Puedo al fin pasear por estas calles sin sensación de ahogo. Pero no fue así hace un tiempo. Años atrás rogué una y otra vez partir de aquella yerma cárcel, y en cuanto se me presentó la oportunidad, no lo dudé. Aún con mis impedimentos, me refugié de estos jardines que antes fueron escombros, creyendo que podría librarme para siempre.

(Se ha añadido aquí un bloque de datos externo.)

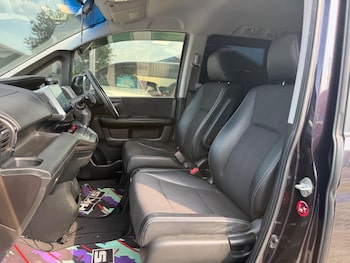 Used Honda Stepwagon 2013 for sale - 79540278: Photo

Dijo Tolkien en Los hijos de Húrin: "El hombre que huye de lo que teme acaba comprobando que sólo ha tomado un atajo para encontrarse con ello". Tan sólo fue un atajo. Separarme de aquel remanso de paz que había construido, quizás con ladrillos de fantasía, fue como desgarrarme el alma. Pero peor fue vivir de nuevo encerrada en mi escombrera. Mucho tiempo tardé en aceptar mi destino. Perdí mi fuerza física, que aunque no era mucha, al menos me servía en mi día a día; perdí el entusiasmo; murieron mis anhelos y envolví mi corazón en una espesa niebla incolora e insípida.

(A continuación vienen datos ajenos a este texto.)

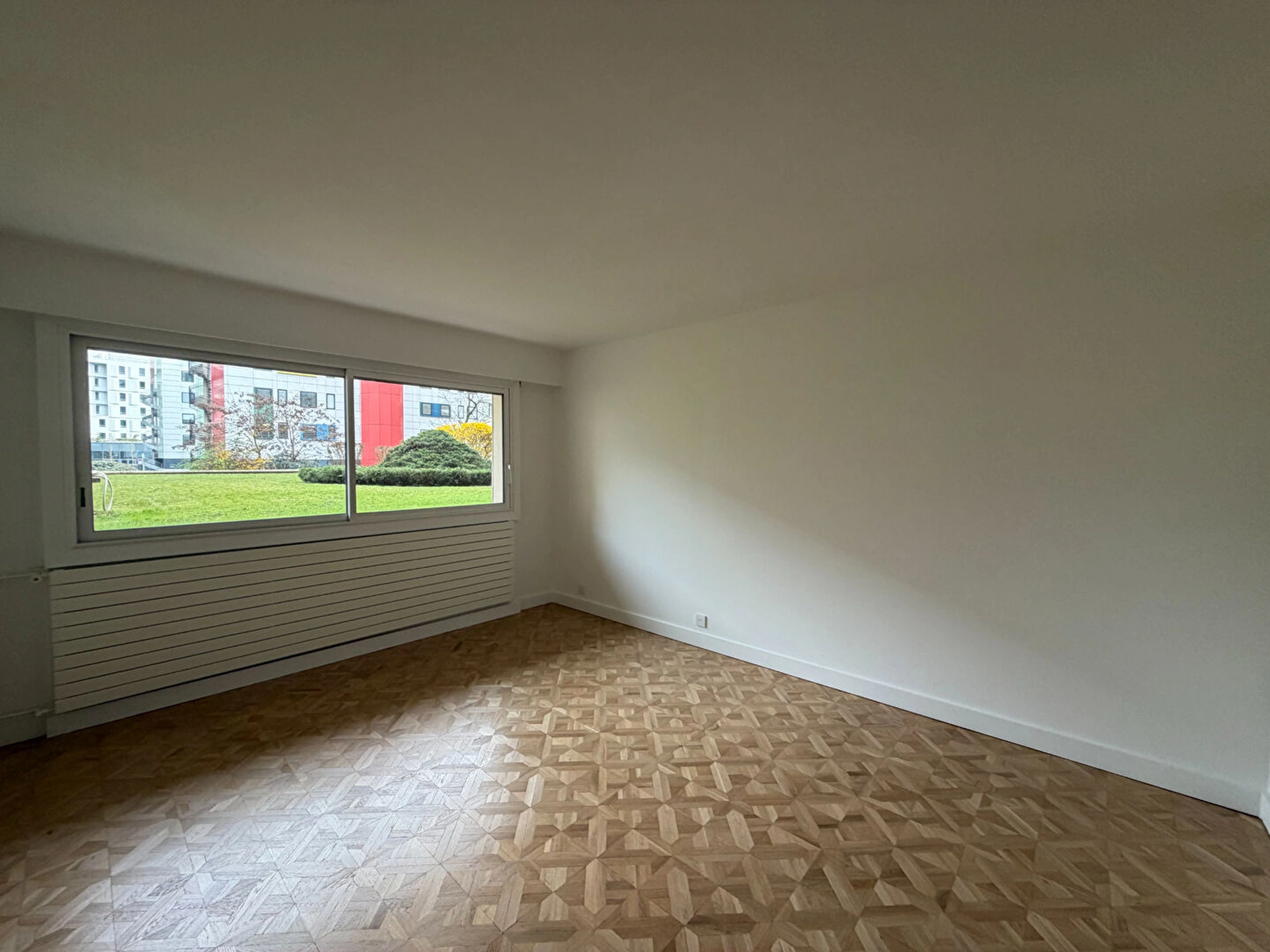 ISSY-LES-MOULINEAUX - CORENTIN CELTON 2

Y sólo entonces, cuando las lágrimas disolvieron la niebla de impasibilidad igual que las lágrimas del caballero terminaron por deshacer su armadura, unas manos invisibles comenzaron a arrancar las malas hierbas y a convertir aquella escombrera en un fecundo jardín, proceso en el cual me encuentro inmersa en esta primavera de mi vida.